Schooling
as Violence
Ahmad Baedowi ; Direktur Pendidikan Yayasan Sukma, Jakarta
|
MEDIA
INDONESIA, 04 Agustus 2014
KOLOM ini sengaja menyadur
judul dari buku Clive Harber, Schooling
as Violence: How Schools Harm Pupils and Societies (2004), sebuah buku
provokatif yang mengingatkan kita akan bahaya sekolah sebagai penyebab
kekerasan. Menurut Harber, tanpa kita sadari, sekolah terus memelihara dan
menanamkan benih kekerasan karena sering kali praktik belajar-mengajar
berlangsung tanpa pengawasan yang memadai, baik dari masyarakat, teman
sejawat guru, kepala sekolah, maupun pengawas. Sebagai sebuah lembaga yang
memproduksi kebencian, sekolah tetap mempertahankan praktik-praktik kekerasan,
baik yang bersifat fisik maupun nonfisik.

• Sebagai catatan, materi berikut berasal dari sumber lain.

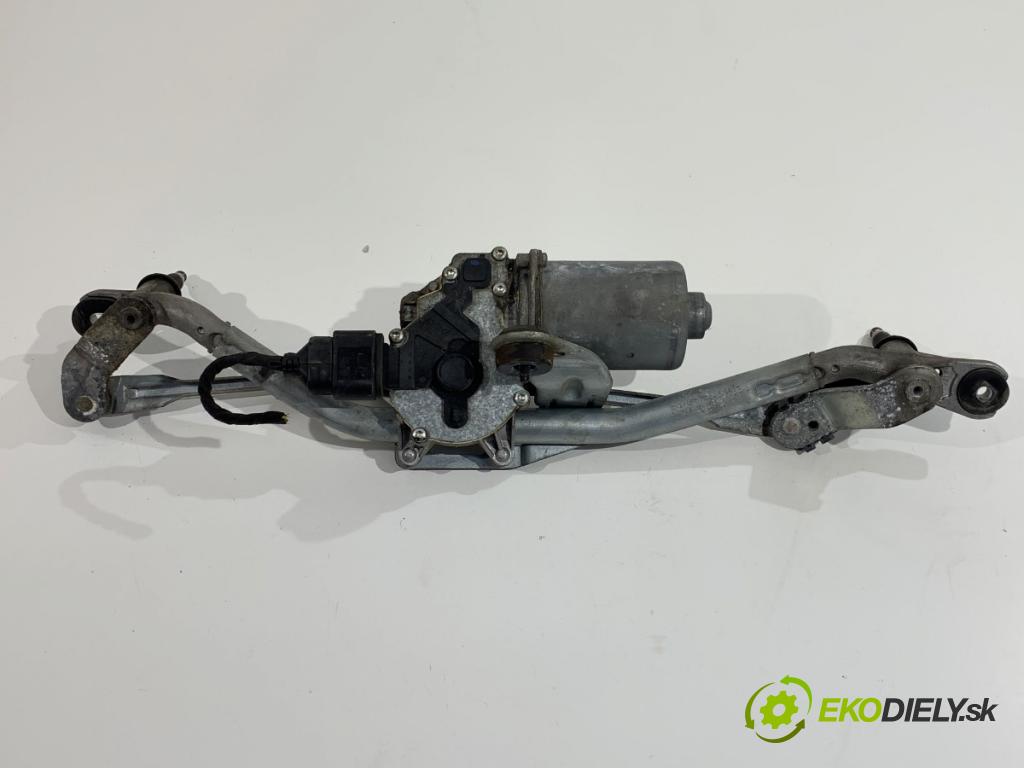 AUDI A1 8X liftback 2011 63 kW 1.2 TFSI 1197 Mechanizmus stieračov predný 8X1955119 (Motorček stieračov predný)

Dalam buku yang sebagian besar
berdasarkan fakta-fakta kekerasan yang terjadi di sekolah, Harber bahkan tak
segan membuat metaforametafora yang menggambarkan kondisi kekerasan di
sekolah dengan akibat-akibat bawaannya. Misalnya, dia menyebut persekolahan
sebagai lahan persemaian paham terorisme, sekolah selalu mengajarkan
kebencian (rasial), sekolah sebagai tempat dimulainya kekerasan secara
seksual, sekolah membuat anak menderita karena faktor ujian, sekolah sebagai
upaya militerisme karena faktor disiplin, serta--ini yang paling
ekstrem--sekolah secara tak sengaja juga mengajarkan bagaimana caranya
membunuh (learning to kill). Pendek
kata, tak ada yang baik dan positif dari sekolah karena pada ujungnya justru
persekolahanlah yang membuat masyarakat makin menderita.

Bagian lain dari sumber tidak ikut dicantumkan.